Yaşamak için ne yaparsak yapalım, ne kadar eğitimli olursak olalım, ne kadar zengin olduğumuz ve ne kadar güzel göründüğümüz önemli değil, hepimizin üstündeki gücün ne olduğuna dair farklı inançlara sahibiz. Din dediğimiz şey budur. Kökleri, totemler ilk tanrılar haline geldiğinde ve bu şekilde onurlandırıldığında, avcılarımızın anaerkil yaşam tarzının derinliklerine iner. Araştırmak ve araştırmak çok ilginç bir konu ve hala bu alanda çalışan bazı bilim adamlarımız var.

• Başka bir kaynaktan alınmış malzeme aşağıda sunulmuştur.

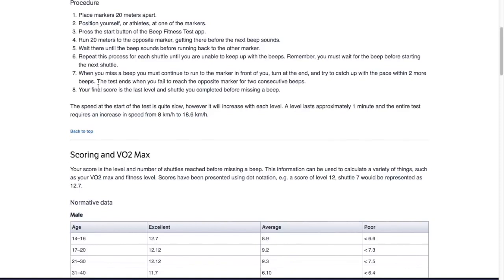When you miss a beep, you must continue to run to the marker in front of you, turn at the end, and try to catch up with the pace within two more beeps. The test ends when you fail to reach the opposite marker for two consecutive beeps. If the beep goes before you get there, don't give up — quickly get to that marker, increase your speed, and get back before the next beep. If you don't make it, that's two consecutive misses and you're done. Your final score is the last level and shuttle you completed before missing a beep.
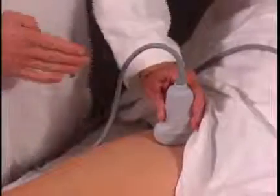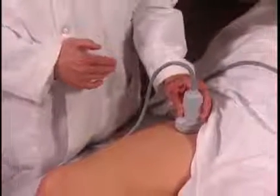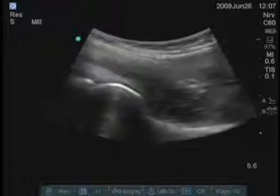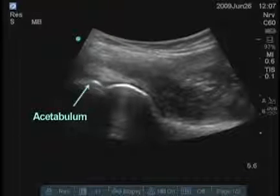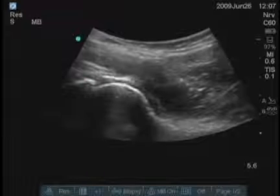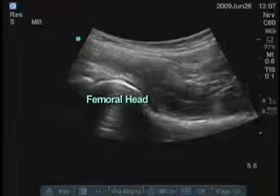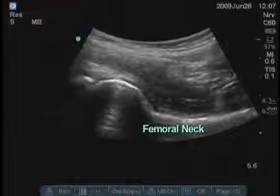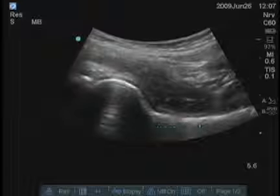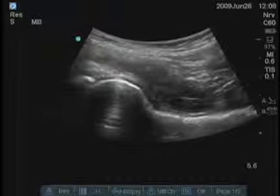I'm trying to align the transducer approximately parallel with the femoral neck. On the left side of the screen, the hyperechoic line is the acetabulum. The curved or circular structure is the femoral head. It then drops down to the femoral neck, and we can see the femur itself extending parallel to the top part of the image out toward the right.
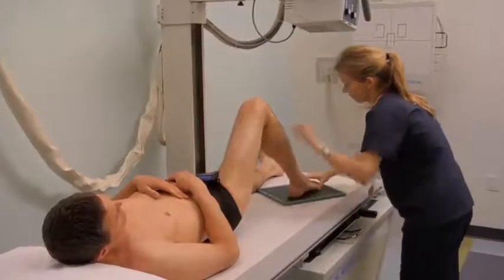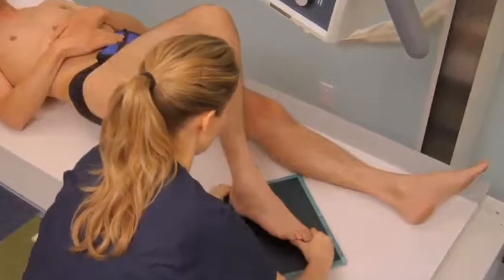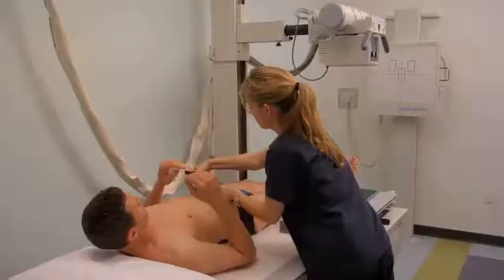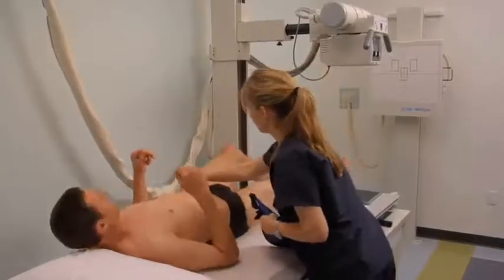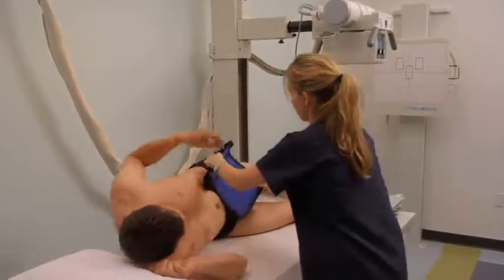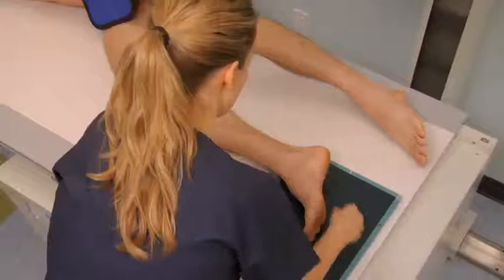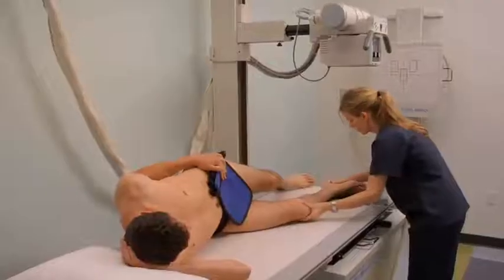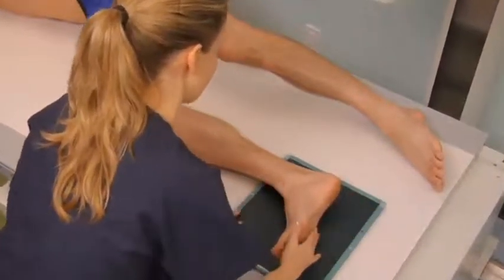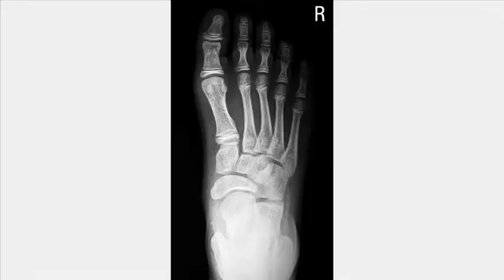For an AP oblique projection of the foot, rotate the leg and foot medially until the plantar aspect of the foot is 30 to 40 degrees to the plane of the cassette. Direct the central ray to the base of the third metatarsal. To obtain a lateral or medial lateral projection of the foot, ask the patient to rotate their entire body towards the affected side. Flex the knee of the same side to 45 degrees. Align the foot with the center of the cassette and direct the central ray as before. Instruct the patient to extend their opposite leg behind the affected limb and ask the patient to dorsiflex their foot to 90 degrees. Expose, process accordingly, and review the images obtained.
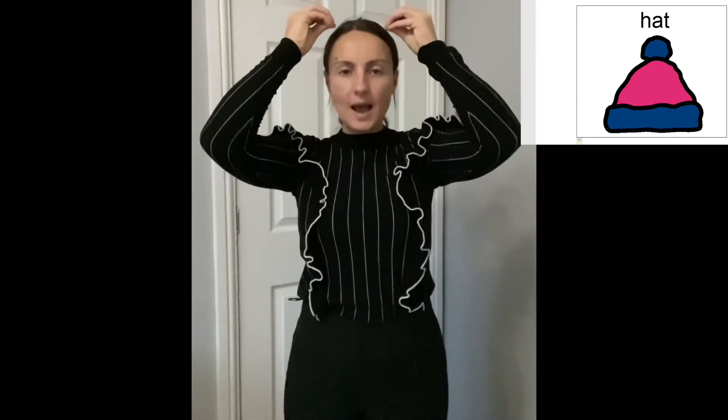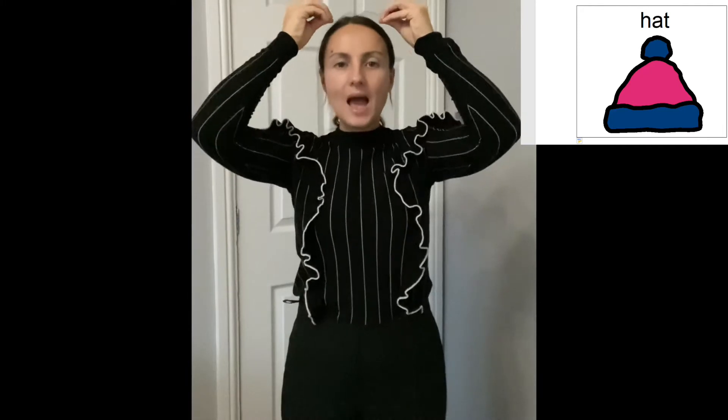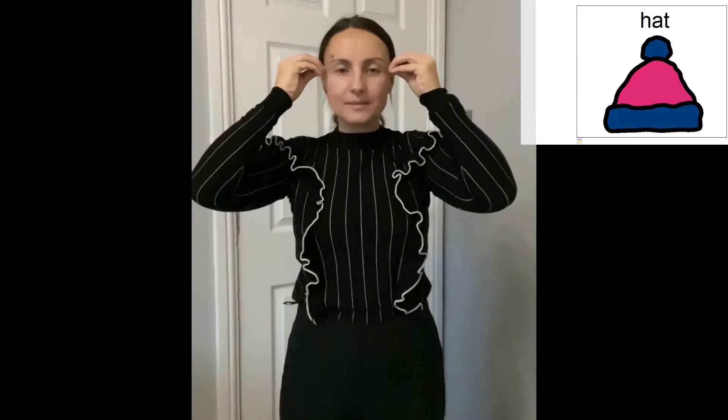Today's sign of the week is for hat, scarf, and gloves. First we have hat — bunch your hands like that and pull them down on your head, like putting your hat on. Hat.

Din, doğal olayları ve önündeki insanların zayıflığını açıklamak için kuruldu. Tanrı bir insandan daha güçlü olabilir mi? İlk Tanrılar, hayranlık duyulan ve bir şekilde örnek olabilecek hayvanlar ve bitkilerdi. Ancak zayıf bir insanı destekleyecek ve yolunu bulmasına ve kafa karışıklığından kurtulmasına yardım edecek üstün bir varlık olmalıydı. Daha sonra, Tanrılara insanların sahip olduğu aynı özellikleri veren antropomorfik bir dine dönüştü ve ekstra güçleri onların beladan uzak durmalarına yardımcı olmadı ve bu bazen ölümsüzlüklerinin yitirilmesine neden oldu. Tüm çok tanrılı inançlara pagan dinleri diyoruz, ancak eski edebiyat eserlerinin onlar için büyük bir itibar olduğu konusunda hemfikir değiliz. Budizm, İslam ve çok daha fazlası gibi günümüzde geniş çapta yayılan Hıristiyanlık gibi daha tek tanrılı dinler var. Bu dinler eşit derecede onurlandırılsa da, büyük ölçüde farklı oldukları söylenebilir. Hıristiyanlık temelini, her Hıristiyan insanın okuması gereken Kitaplar Kitabı olan Kutsal İncil’e dayandırır. Eğer yargılayacak olursam, Hıristiyanlığı tektanrıcı diyemem, çünkü inanç, her şeyden daha çok onurlandırılması ve sevilmesi gereken Baba, Oğul ve Kutsal Ruh üzerine odaklanmıştır. St. Augustine kişisel denemesinde, insanların zevk dedikleri her şeyi Rab’be hizmete adanmış bir hayat bırakmak için feda ettiğini yazıyor. İnanç o kadar derin ki, birini bir şeye yönlendirmek için kolayca kullanılabilir. Bu yüzden dinin, devlet valilerinin elinde güçlü ve istikrarlı bir araç olduğu ortaya çıktı. Bilimin gelişmeye başladığı yer burasıdır. Hız o kadar hızlı ki din yakalayıp eski otoritesini elde edemiyor. Mesele şu ki, bazı yeni keşifler, birkaç yüz yıldır öğretilen birkaç kilise dogmasını mahvetti. Engizisyonun sahneye çıktığı yer burasıdır. Saygıdeğer rahipler, eski fikirlere nispeten çelişen tüm icatların şeytanın ve onun havasının yaratılması olduğundan emindi. Bu aynı zamanda rakiplerini pistte tekmelemek ve başarılı bir şekilde ilerlemek için güzel bir yol olarak kullanıldı. Dini zemindeki çatışmalar nedeniyle düzenlenen savaşlar vardı, örneğin Kral Üçüncü Richard ve Saracens’e karşı savaşı.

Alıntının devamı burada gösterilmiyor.